Jazz has gradually found my way into my tastes slowly but surely over the years, starting with smooth jazz and then getting into the more serious stuff about a couple of years ago. Mostly good stuff, but I do have to do some digging for it.

To Represent:

Charles Mingus - Mingus Ah Um

Samples:
http://www.youtube.com/watch?v=Z-R11B7EGt0
http://www.youtube.com/watch?v=6sfe_8RAaJ0

Wikipedia:
Charles Mingus Jr. (April 22, 1922 – January 5, 1979) was an American jazz musician, composer, bandleader, and civil rights activist.

Mingus's compositions retained the hot and soulful feel of hard bop and drew heavily from black gospel music while sometimes drawing on elements of Third stream, free jazz, and classical music. Yet Mingus avoided categorization, forging his own brand of music that fused tradition with unique and unexplored realms of jazz.

Mingus focused on collective improvisation, similar to the old New Orleans jazz parades, paying particular attention to how each band member interacted with the group as a whole. In creating his bands, Mingus looked not only at the skills of the available musicians, but also their personalities. Many musicians passed through his bands and later went on to impressive careers. He recruited talented and sometimes little-known artists whom he assembled into unconventional and revealing configurations. As a performer, Mingus was a pioneer in double bass technique, widely recognized as one of the instrument's most proficient players.
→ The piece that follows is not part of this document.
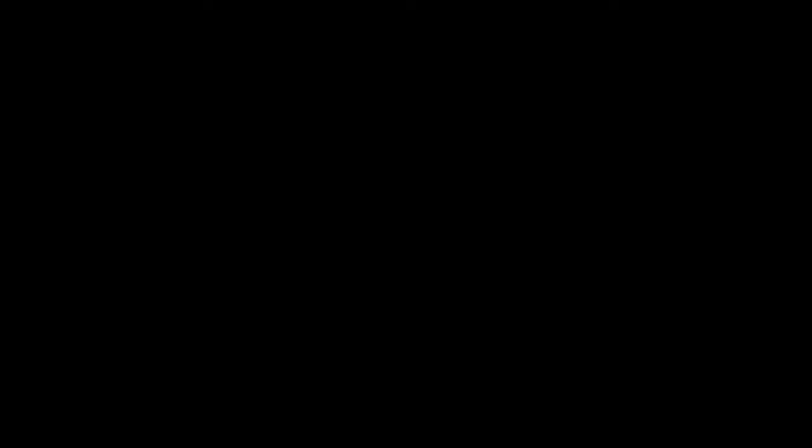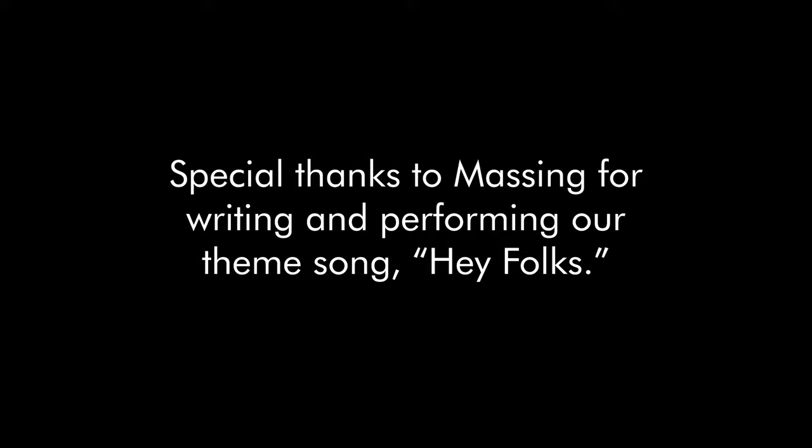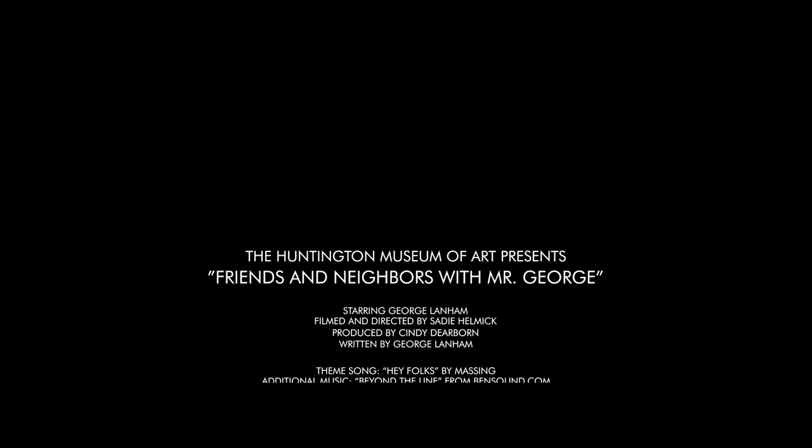Hey folks, welcome back to the show. Thanks for tuning in and watching from home. Let's take a break from all the day-to-day regular business and spend some time with our neighbors and friends. We're talking three simple things about education and nature. We'll hear what Mr. George thinks and come back just in case.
Nearly as well known as his ambitious music was Mingus' often fearsome temperament, which earned him the nickname "The Angry Man of Jazz." His refusal to compromise his musical integrity led to many on-stage eruptions, exhortations to musicians, and dismissals.[1]

Because of his brilliant writing for mid-size ensembles—and his catering to and emphasizing the strengths of the musicians in his groups—Mingus is often considered the heir of Duke Ellington, for whom he expressed great admiration. Indeed, Dizzy Gillespie had once claimed Mingus reminded him "of a young Duke", citing their shared "organizational genius."[2]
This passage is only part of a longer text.